Zsuzsa László is a researcher, curator and board member of tranzit .hu, Budapest. She is doctoral candidate in Art Theory at the Eötvös Lóránd University, Budapest. She has recently co-curated various tranzit. hu projects such as “Art Always has its Consequences” (2008-2010), “Parallel Chronologies” (2009-), and “Regime Change – Incomplete Project” (2012-), “Creativity Exercises” (2014-).

She was a lecturer at the Intermedia Department of the Hungarian University of Fine Arts (2008-2012), and at the Institute for Art Theory and Media Studies, ELTE, Budapest (2005-2007). She was the assistant curator of Periferic 8 (2008), worked for the Studio of Young Artists, Budapest (2006-2008), and as an art mediator (2004-2006). Her research topics are textuality in art, exhibition history and theory.

 

[1] In a semiotic sense, transparency can mean that the signifier (the vehicle of meaning) is dissolved in its meaning, for instance when the meaning of an utterance is so obvious, that we do not even notice the individual words, and the sounds/letters. Speaking of systems, transparency can also mean an invisible structure, one in which we are not aware of the underlying mechanisms producing and structuring phenomena, since these seem self-evident. On the other hand, transparency in this case is not only a synonym of translucence but can be that of perspicuity, or clarity, which is realized when those underlying structures and mechanisms are visible and comprehensible. Because of this contradiction the opacity (visibility) of the signifier in poetry for example and the structural transparency in architecture are equally typical of modernism. Cf.: Anthony Vilder, “Transparency,” in The Architectural Uncanny (Cambridge, MA: MIT Press, 1992), 217–26.

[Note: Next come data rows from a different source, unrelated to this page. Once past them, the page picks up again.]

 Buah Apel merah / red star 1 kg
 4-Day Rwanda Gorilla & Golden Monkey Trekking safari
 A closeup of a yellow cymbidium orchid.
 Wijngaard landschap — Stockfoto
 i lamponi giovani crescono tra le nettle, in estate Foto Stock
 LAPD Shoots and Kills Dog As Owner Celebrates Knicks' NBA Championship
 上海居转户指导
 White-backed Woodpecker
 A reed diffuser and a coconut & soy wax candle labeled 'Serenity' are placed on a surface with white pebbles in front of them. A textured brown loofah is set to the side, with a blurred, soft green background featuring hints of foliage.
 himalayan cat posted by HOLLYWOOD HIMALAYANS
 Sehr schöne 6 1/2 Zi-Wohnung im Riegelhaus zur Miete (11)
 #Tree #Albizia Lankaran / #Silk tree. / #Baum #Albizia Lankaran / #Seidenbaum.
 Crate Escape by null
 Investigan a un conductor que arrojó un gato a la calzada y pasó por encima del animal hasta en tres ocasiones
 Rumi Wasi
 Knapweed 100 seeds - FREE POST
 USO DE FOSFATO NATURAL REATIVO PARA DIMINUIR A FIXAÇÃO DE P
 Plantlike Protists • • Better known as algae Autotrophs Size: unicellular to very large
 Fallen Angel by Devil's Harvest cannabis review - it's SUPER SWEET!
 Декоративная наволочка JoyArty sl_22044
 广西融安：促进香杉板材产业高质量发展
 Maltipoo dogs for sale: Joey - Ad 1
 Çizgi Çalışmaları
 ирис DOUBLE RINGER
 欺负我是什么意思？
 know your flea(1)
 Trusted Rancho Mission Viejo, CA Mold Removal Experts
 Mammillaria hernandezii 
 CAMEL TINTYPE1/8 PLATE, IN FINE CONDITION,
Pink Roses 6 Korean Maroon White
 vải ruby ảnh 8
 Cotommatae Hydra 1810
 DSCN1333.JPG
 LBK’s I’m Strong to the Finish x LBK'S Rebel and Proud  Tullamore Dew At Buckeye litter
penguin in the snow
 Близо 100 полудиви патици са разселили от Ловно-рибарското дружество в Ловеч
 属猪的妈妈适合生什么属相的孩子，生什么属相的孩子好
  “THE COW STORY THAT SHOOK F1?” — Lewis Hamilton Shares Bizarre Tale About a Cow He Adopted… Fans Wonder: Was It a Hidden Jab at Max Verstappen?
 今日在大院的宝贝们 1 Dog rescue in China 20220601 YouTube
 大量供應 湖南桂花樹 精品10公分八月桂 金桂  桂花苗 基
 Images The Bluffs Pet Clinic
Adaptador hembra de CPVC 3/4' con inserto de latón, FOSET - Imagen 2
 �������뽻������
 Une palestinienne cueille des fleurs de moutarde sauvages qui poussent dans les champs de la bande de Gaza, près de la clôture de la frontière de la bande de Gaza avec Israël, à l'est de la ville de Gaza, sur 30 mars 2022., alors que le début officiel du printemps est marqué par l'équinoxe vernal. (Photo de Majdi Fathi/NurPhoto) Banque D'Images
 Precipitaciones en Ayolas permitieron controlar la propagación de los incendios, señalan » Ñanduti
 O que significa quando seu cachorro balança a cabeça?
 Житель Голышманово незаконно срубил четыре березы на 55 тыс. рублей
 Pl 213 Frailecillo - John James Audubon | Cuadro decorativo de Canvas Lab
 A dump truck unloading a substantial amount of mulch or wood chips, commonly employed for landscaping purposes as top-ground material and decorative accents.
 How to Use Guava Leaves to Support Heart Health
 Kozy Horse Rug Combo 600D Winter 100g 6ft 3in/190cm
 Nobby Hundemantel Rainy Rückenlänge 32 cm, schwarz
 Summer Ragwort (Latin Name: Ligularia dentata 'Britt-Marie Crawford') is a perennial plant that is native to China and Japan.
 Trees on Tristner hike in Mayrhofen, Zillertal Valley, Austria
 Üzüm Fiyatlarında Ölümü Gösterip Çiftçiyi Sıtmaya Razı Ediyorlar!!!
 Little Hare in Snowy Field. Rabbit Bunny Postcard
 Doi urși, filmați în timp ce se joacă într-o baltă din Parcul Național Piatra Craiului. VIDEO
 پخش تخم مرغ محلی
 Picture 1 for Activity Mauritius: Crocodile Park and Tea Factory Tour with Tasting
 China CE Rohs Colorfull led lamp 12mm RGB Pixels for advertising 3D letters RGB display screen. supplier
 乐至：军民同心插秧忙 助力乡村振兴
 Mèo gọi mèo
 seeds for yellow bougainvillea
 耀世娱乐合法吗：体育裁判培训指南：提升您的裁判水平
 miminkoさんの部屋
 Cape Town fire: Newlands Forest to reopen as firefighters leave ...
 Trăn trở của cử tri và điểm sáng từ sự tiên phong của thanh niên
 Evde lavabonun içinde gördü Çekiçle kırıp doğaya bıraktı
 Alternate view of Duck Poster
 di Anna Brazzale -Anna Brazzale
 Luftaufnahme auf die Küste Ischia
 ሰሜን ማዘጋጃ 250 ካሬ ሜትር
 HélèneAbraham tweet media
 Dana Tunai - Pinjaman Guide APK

[2] According to Alain Badiou, truth does not appear independently in itself, it is constructed in the efforts and situations that are to grasp it. Badiou identifies four truth procedures: Art, Science, Love, and Politics.

[3] Fernand Braudel (1902–85) was a French historian who studied historical processes through the particularities of everyday life and economics.

[4] “Trade Routes: History and Geography,” Johannesburg Biennale, 1997. Co-curators: Gerardo Mosquera (Cuba), Hou Hanrou (China/Paris), Yu Yeon Kim (Seoul/New York), Octavio Zaya (Spain/New York), Kelly Jones (USA), and Collin Richards (South Africa).

[5] See Jürgen Habermas, “Modernity: An Incomplete Project,” in The Anti-Aesthetic: Essays on Postmodern Culture, ed. Hal Foster (Port Townsend, WA: Bay Press, 1983).

[6] Stuart Hall, “Museums of Modern Art and the End of History,” in Annotations 6: Stuart Hall and Sarah Maharaj, eds. Sarah Campbell and Gilane Tawadros (London: Institute of Visual Arts, 2001), 8–23.

[7] See Roland Barthes, “The Death of the Author” (1967), in Image, Music, Text, trans. Stephen Heath (New York: Hill and Wang, 1977).

[8] During the seminar, two 1992 exhibitions—“Helter Skelter: L.A. Art in the ’90s” curated by Paul Schimmel, “Post Human” curated by Jeffrey Deitch—were mentioned in connection with the zombie cult in art.

[9] This refers to the political aspects of agriculture, gene engineering, plastic surgery, biological weapons, birth control, food technology, etc. The expression was coined by Michel Foucault to describe the practice of modern states and their regulation of their subjects through “an explosion of numerous and diverse techniques for achieving the subjugations of bodies and the control of populations.” The History of Sexuality, Vol. I, 140.